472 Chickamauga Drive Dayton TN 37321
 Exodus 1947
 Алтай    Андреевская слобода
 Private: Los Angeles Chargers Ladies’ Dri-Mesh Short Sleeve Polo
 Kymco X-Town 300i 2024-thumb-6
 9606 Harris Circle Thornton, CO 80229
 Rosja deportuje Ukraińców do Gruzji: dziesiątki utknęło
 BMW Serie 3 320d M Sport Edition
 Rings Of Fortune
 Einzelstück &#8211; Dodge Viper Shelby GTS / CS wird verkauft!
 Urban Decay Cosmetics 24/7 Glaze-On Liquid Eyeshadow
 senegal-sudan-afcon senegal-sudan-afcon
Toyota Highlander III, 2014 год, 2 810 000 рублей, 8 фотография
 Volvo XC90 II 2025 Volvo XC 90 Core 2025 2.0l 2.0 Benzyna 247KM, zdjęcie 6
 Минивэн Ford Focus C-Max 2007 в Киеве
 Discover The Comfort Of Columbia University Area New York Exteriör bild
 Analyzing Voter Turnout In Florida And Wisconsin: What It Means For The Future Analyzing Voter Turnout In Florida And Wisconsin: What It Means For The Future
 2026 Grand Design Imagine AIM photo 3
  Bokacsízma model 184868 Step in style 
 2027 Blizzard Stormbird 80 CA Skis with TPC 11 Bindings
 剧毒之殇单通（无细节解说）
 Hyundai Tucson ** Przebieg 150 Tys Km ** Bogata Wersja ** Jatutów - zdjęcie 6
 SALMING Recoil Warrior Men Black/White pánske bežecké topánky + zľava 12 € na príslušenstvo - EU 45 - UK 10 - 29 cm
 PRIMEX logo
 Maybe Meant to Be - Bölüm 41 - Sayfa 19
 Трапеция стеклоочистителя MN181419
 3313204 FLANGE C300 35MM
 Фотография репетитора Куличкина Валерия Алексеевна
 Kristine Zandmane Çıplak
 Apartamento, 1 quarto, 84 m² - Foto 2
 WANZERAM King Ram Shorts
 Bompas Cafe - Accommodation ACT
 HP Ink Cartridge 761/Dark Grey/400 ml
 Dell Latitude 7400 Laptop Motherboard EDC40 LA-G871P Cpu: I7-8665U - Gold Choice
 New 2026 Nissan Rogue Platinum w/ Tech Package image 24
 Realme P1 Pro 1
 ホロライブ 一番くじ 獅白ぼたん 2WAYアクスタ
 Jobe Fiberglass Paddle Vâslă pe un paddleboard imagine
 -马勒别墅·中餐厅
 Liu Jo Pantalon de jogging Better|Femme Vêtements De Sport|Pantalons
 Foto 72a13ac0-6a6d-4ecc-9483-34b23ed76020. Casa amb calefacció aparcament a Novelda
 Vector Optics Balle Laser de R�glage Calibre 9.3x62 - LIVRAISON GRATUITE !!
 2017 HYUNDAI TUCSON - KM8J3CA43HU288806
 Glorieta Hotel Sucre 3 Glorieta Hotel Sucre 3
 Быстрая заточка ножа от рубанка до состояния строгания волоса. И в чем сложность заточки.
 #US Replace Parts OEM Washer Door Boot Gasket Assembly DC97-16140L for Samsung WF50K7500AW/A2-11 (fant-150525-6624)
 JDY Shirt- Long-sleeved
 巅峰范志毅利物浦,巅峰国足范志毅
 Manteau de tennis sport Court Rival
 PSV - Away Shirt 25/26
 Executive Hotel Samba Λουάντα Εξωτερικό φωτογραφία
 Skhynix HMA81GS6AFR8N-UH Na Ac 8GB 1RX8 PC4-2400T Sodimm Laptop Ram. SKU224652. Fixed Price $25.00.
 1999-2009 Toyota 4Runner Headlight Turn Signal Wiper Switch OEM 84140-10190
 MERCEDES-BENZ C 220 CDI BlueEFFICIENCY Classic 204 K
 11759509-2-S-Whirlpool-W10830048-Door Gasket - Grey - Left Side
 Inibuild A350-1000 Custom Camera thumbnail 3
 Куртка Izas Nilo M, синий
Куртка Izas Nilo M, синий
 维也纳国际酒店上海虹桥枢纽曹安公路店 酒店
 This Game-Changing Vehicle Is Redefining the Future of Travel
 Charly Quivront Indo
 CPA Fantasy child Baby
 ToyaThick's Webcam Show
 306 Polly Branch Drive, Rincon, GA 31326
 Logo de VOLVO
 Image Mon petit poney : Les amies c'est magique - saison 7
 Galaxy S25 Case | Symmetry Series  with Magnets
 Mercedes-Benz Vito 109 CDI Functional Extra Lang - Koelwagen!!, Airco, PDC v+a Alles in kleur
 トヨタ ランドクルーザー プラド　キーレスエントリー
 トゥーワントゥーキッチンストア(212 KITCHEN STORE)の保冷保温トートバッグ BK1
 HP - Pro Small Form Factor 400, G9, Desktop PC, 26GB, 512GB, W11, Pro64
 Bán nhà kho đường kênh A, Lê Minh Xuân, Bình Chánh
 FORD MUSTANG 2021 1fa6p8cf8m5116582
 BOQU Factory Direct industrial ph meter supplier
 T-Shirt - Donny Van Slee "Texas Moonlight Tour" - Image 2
^^^^^^^^^^^^^^^^
Return a faithful copy of all the records above.

472 Chickamauga Drive Dayton TN 37321
 Exodus 1947
 Алтай    Андреевская слобода
 Private: Los Angeles Chargers Ladies’ Dri-Mesh Short Sleeve Polo
 Kymco X-Town 300i 2024-thumb-6
 9606 Harris Circle Thornton, CO 80229
 Rosja deportuje Ukraińców do Gruzji: dziesiątki utknęło
 BMW Serie 3 320d M Sport Edition
 Rings Of Fortune
 Einzelstück &#8211; Dodge Viper Shelby GTS / CS wird verkauft!
 Urban Decay Cosmetics 24/7 Glaze-On Liquid Eyeshadow
 senegal-sudan-afcon senegal-sudan-afcon
Toyota Highlander III, 2014 год, 2 810 000 рублей, 8 фотография
 Volvo XC90 II 2025 Volvo XC 90 Core 2025 2.0l 2.0 Benzyna 247KM, zdjęcie 6
 Минивэн Ford Focus C-Max 2007 в Киеве
 Discover The Comfort Of Columbia University Area New York Exteriör bild
 Analyzing Voter Turnout In Florida And Wisconsin: What It Means For The Future Analyzing Voter Turnout In Florida And Wisconsin: What It Means For The Future
 2026 Grand Design Imagine AIM photo 3
  Bokacsízma model 184868 Step in style 
 2027 Blizzard Stormbird 80 CA Skis with TPC 11 Bindings
 剧毒之殇单通（无细节解说）
 Hyundai Tucson ** Przebieg 150 Tys Km ** Bogata Wersja ** Jatutów - zdjęcie 6
 SALMING Recoil Warrior Men Black/White pánske bežecké topánky + zľava 12 € na príslušenstvo - EU 45 - UK 10 - 29 cm
 PRIMEX logo
 Maybe Meant to Be - Bölüm 41 - Sayfa 19
 Трапеция стеклоочистителя MN181419
 3313204 FLANGE C300 35MM
 Фотография репетитора Куличкина Валерия Алексеевна
 Kristine Zandmane Çıplak
 Apartamento, 1 quarto, 84 m² - Foto 2
 WANZERAM King Ram Shorts
 Bompas Cafe - Accommodation ACT
 HP Ink Cartridge 761/Dark Grey/400 ml
 Dell Latitude 7400 Laptop Motherboard EDC40 LA-G871P Cpu: I7-8665U - Gold Choice
 New 2026 Nissan Rogue Platinum w/ Tech Package image 24
 Realme P1 Pro 1
 ホロライブ 一番くじ 獅白ぼたん 2WAYアクスタ
 Jobe Fiberglass Paddle Vâslă pe un paddleboard imagine
 -马勒别墅·中餐厅
 Liu Jo Pantalon de jogging Better|Femme Vêtements De Sport|Pantalons
 Foto 72a13ac0-6a6d-4ecc-9483-34b23ed76020. Casa amb calefacció aparcament a Novelda
 Vector Optics Balle Laser de R�glage Calibre 9.3x62 - LIVRAISON GRATUITE !!
 2017 HYUNDAI TUCSON - KM8J3CA43HU288806
 Glorieta Hotel Sucre 3 Glorieta Hotel Sucre 3
 Быстрая заточка ножа от рубанка до состояния строгания волоса. И в чем сложность заточки.
 #US Replace Parts OEM Washer Door Boot Gasket Assembly DC97-16140L for Samsung WF50K7500AW/A2-11 (fant-150525-6624)
 JDY Shirt- Long-sleeved
 巅峰范志毅利物浦,巅峰国足范志毅
 Manteau de tennis sport Court Rival
 PSV - Away Shirt 25/26
 Executive Hotel Samba Λουάντα Εξωτερικό φωτογραφία
 Skhynix HMA81GS6AFR8N-UH Na Ac 8GB 1RX8 PC4-2400T Sodimm Laptop Ram. SKU224652. Fixed Price $25.00.
 1999-2009 Toyota 4Runner Headlight Turn Signal Wiper Switch OEM 84140-10190
 MERCEDES-BENZ C 220 CDI BlueEFFICIENCY Classic 204 K
 11759509-2-S-Whirlpool-W10830048-Door Gasket - Grey - Left Side
 Inibuild A350-1000 Custom Camera thumbnail 3
 Куртка Izas Nilo M, синий
Куртка Izas Nilo M, синий
 维也纳国际酒店上海虹桥枢纽曹安公路店 酒店
 This Game-Changing Vehicle Is Redefining the Future of Travel
 Charly Quivront Indo
 CPA Fantasy child Baby
 ToyaThick's Webcam Show
 306 Polly Branch Drive, Rincon, GA 31326
 Logo de VOLVO
 Image Mon petit poney : Les amies c'est magique - saison 7
 Galaxy S25 Case | Symmetry Series  with Magnets
 Mercedes-Benz Vito 109 CDI Functional Extra Lang - Koelwagen!!, Airco, PDC v+a Alles in kleur
 トヨタ ランドクルーザー プラド　キーレスエントリー
 トゥーワントゥーキッチンストア(212 KITCHEN STORE)の保冷保温トートバッグ BK1
 HP - Pro Small Form Factor 400, G9, Desktop PC, 26GB, 512GB, W11, Pro64
 Bán nhà kho đường kênh A, Lê Minh Xuân, Bình Chánh
 FORD MUSTANG 2021 1fa6p8cf8m5116582
 BOQU Factory Direct industrial ph meter supplier
 T-Shirt - Donny Van Slee "Texas Moonlight Tour" - Image 2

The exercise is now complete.